== Segment start ==

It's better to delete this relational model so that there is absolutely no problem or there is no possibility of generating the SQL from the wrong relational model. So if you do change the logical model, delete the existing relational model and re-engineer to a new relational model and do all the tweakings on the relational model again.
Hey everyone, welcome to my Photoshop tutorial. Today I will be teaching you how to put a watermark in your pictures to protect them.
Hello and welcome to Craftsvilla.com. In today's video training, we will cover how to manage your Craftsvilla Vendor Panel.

== Segment end ==
== Segment start ==

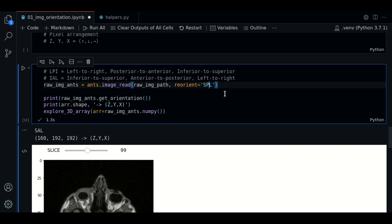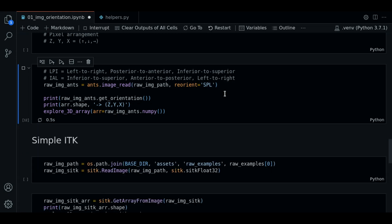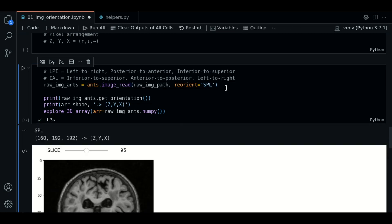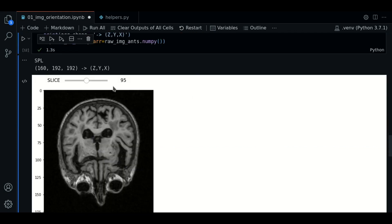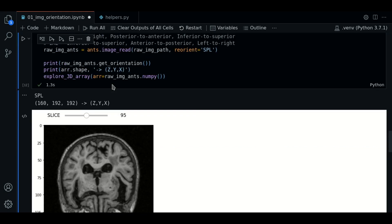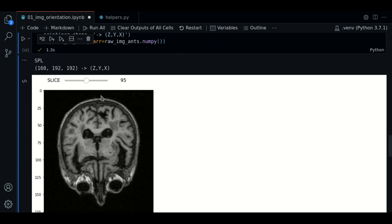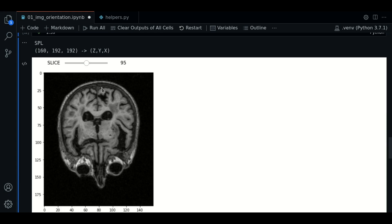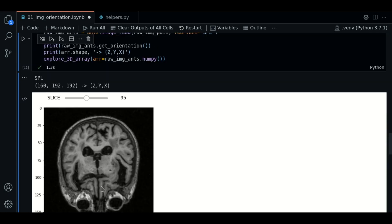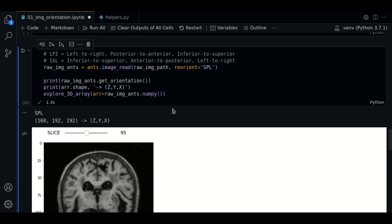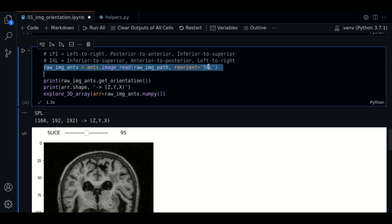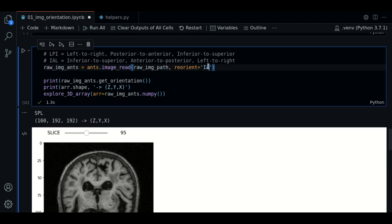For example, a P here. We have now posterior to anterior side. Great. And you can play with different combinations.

== Segment end ==
== Segment start ==

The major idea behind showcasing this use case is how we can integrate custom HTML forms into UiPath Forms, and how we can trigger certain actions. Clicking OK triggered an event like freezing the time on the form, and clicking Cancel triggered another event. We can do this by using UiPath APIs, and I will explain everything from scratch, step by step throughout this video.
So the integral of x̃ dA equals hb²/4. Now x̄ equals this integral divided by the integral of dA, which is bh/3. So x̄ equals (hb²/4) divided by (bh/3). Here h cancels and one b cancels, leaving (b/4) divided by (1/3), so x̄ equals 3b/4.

== Segment end ==

■ Exercise description
Of all the entries above, output exactly the lines between the one holding "The major idea" and the one holding "So the integral", inclusive.

■ Completed task
The major idea behind showcasing this use case is how we can integrate custom HTML forms into UiPath Forms, and how we can trigger certain actions. Clicking OK triggered an event like freezing the time on the form, and clicking Cancel triggered another event. We can do this by using UiPath APIs, and I will explain everything from scratch, step by step throughout this video.
So the integral of x̃ dA equals hb²/4. Now x̄ equals this integral divided by the integral of dA, which is bh/3. So x̄ equals (hb²/4) divided by (bh/3). Here h cancels and one b cancels, leaving (b/4) divided by (1/3), so x̄ equals 3b/4.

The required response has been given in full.